Crédito da foto: Ney Anderson

Por Ney Anderson

Lutar é um verbo que requer formas distintas de interpretação. Quando se fala em literatura, a luta acontece, obviamente, a partir da palavra, do que ela pode causar na defesa de um pensamento, da ação por um ideal. A injustiça social, por exemplo, pode ser o front de combate no qual o escritor tem a poderosa arma das palavras nas mãos para contestar a perversidade que ronda sempre os menos favorecidos. Em sua recente obra, A luta verbal (editora Iluminuras), do escritor Raimundo Carrero, é possível entender melhor a denúncia que ele faz, ficando ao lado dos que não têm voz. “Um grito de dor contra a fome, a miséria, o racismo, a discriminação e o preconceito de toda ordem ”, como ele afirma se tratar esse novo trabalho.

Carrero trouxe para a sua obra nomes clássicos e importantes da literatura, e também escritores contemporâneos, que se debruçaram (e se debruçam) de alguma forma contra a desigualdade e a realidade violenta brasileira. Jorge Amado, Graciliano Ramos, Lima Barreto, Marcelino Freire, Itamar Vieira Júnior, Jeferson Tenório, Sidney Rocha, Ney Anderson (editor deste Angústia Criadora), Nivaldo Tenório, Ronaldo Correio de Brito, Cícero Belmar, entre outros, são alguns dos nomes que compõem esse manifesto literário.

A luta verbal, na verdade, é um farto capítulo incluído nesta segunda edição de A preparação do escritor, lançado originalmente em 2009. Para esta nova edição, Carrero incluiu autores que tematizam as injustiças sociais que assolam o país, sobretudo prejudicando os invisíveis da sociedade. Através da análise da técnica dos escritores o autor disseca a literatura, investigando a escrita de obras como Vidas secas, de Graciliano, e Suor, de Jorge Amado, entre outras, mostrando os movimentos internos do texto, a criação dos diálogos, cenas e cenários, personagens, refletindo sobretudo a intuição de cada criador.

Esse estudo literário, aliás, não é de agora. Desde a década de 1980 Carrero tem feito o primordial e relevante trabalho de estudar de forma apaixonada as engrenagens da literatura, provocando pequenas revoluções em cada aluno amante da ficção.
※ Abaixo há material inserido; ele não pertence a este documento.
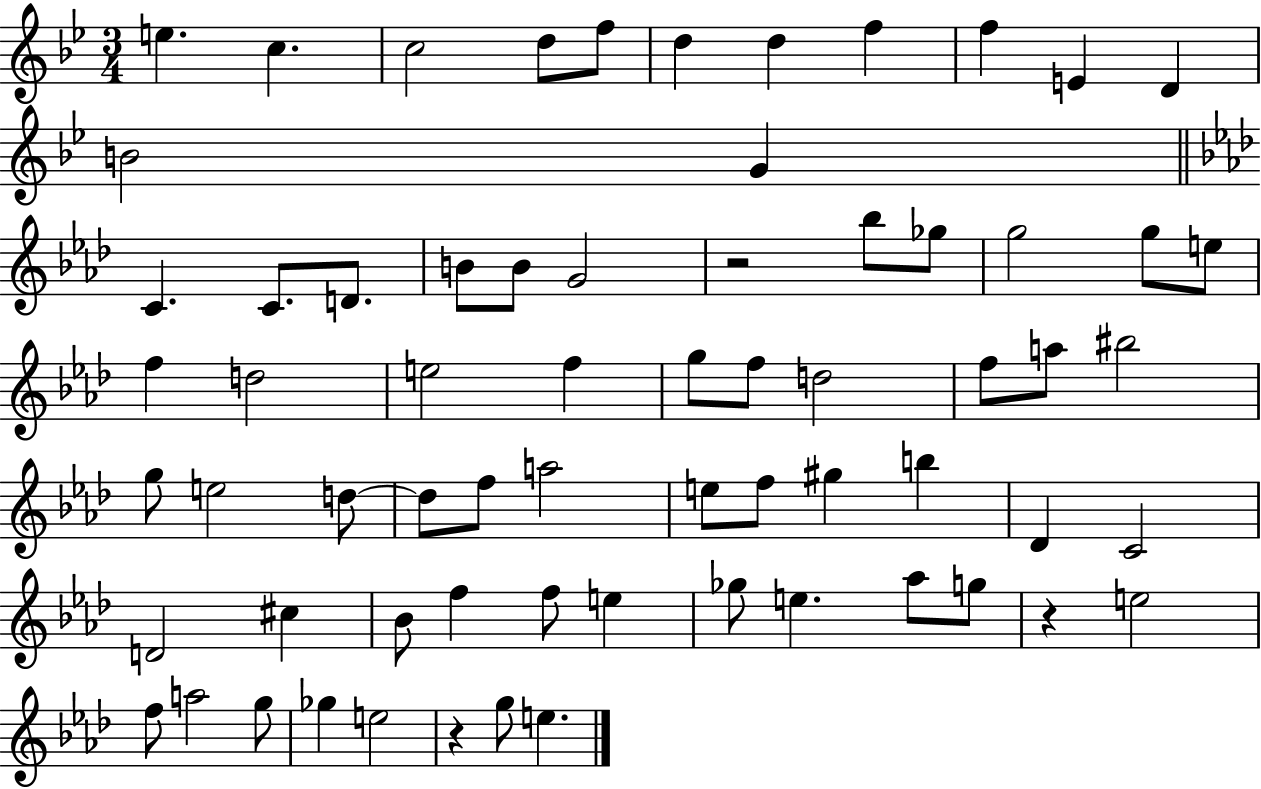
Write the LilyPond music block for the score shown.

O autor vem mostrando em todos esses anos, acima de tudo, que escrever exige muita leitura, paciência, humildade e estudo. As aulas em sua prestigiada oficina literária acabaram se transformando no seu primeiro livro teórico, o já clássico Os segredos da ficção – um guia da arte de escrever (editora Agir 2005). Mas é na A luta verbal que o autor atinge o ápice, como ele mesmo diz, sendo este livro um dos mais poderosos.

A luta que o autor propõe aqui, no entanto, é parte significativa de sua obra desde sempre, iniciando em Bernarda Soledade, de 1974, um livro ligado ao Movimento Armorial, com o tom político bastante forte, patriarcal, onde as mulheres são guerreiras e não se deixam dominar. Os dois romances mais recentes, Colégio de Freiras (2019) e Estão matando os meninos (2020), acentuam o olhar ao país desigual e injusto, que mata crianças, negros e pobres das periferias, sem que justiça nenhuma seja feita.

Neste sutil e elaborado livro, Carrero reflete sobre a condição humana e a decadência da espécie. A luta verbal nos mostra que a literatura, não apenas passatempo, precisa estar em constante consonância com o que acontece ao redor, principalmente fazendo a crítica social por meio da ficção, sem ser panfletário. Servindo de espada para defender o homem da miséria humana,  fazendo o leitor a refletir, compreender e se incomodar verdadeiramente pelo sentimento (o sofrimento) da dor, que extrapola as páginas do livro.